Your objective: Transcribe the records from the line containing "Poster for Death of an Angel" onward, up to and including the final line, exactly and without anything else.

Data supplied:
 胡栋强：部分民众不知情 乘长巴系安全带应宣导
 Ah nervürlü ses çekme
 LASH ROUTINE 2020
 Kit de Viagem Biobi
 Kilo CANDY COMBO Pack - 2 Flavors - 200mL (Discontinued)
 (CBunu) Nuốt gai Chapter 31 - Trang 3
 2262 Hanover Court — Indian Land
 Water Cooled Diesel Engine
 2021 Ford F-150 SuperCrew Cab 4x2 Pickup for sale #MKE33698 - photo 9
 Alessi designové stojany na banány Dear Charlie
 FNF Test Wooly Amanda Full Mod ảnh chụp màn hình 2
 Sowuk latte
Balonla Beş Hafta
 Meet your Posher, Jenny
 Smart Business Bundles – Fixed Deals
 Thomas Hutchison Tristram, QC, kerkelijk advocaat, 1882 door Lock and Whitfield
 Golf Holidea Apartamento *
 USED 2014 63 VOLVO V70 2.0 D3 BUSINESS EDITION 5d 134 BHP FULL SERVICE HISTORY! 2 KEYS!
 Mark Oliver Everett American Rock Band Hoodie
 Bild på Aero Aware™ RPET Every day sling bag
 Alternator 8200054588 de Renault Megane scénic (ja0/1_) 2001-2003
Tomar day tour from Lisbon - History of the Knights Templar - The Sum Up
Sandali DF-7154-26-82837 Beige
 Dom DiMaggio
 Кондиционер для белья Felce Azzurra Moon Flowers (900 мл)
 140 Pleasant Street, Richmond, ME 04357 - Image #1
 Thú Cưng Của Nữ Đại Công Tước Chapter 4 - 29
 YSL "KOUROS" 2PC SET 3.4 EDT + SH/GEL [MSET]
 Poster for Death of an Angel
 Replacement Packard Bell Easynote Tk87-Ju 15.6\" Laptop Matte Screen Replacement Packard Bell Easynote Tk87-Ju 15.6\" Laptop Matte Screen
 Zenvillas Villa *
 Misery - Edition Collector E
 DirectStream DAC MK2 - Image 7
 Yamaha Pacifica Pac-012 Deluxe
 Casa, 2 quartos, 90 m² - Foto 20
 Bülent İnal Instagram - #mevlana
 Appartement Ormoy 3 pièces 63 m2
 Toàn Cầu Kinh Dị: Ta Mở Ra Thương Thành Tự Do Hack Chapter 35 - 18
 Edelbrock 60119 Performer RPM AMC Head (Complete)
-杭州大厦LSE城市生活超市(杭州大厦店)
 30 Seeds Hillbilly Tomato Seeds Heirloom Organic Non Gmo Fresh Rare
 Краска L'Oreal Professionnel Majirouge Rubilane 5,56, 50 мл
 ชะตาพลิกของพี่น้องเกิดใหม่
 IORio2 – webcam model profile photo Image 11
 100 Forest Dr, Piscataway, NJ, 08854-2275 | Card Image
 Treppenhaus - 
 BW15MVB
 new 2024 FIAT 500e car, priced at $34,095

Answer to this problem:
 Poster for Death of an Angel
 Replacement Packard Bell Easynote Tk87-Ju 15.6\" Laptop Matte Screen Replacement Packard Bell Easynote Tk87-Ju 15.6\" Laptop Matte Screen
 Zenvillas Villa *
 Misery - Edition Collector E
 DirectStream DAC MK2 - Image 7
 Yamaha Pacifica Pac-012 Deluxe
 Casa, 2 quartos, 90 m² - Foto 20
 Bülent İnal Instagram - #mevlana
 Appartement Ormoy 3 pièces 63 m2
 Toàn Cầu Kinh Dị: Ta Mở Ra Thương Thành Tự Do Hack Chapter 35 - 18
 Edelbrock 60119 Performer RPM AMC Head (Complete)
-杭州大厦LSE城市生活超市(杭州大厦店)
 30 Seeds Hillbilly Tomato Seeds Heirloom Organic Non Gmo Fresh Rare
 Краска L'Oreal Professionnel Majirouge Rubilane 5,56, 50 мл
 ชะตาพลิกของพี่น้องเกิดใหม่
 IORio2 – webcam model profile photo Image 11
 100 Forest Dr, Piscataway, NJ, 08854-2275 | Card Image
 Treppenhaus - 
 BW15MVB
 new 2024 FIAT 500e car, priced at $34,095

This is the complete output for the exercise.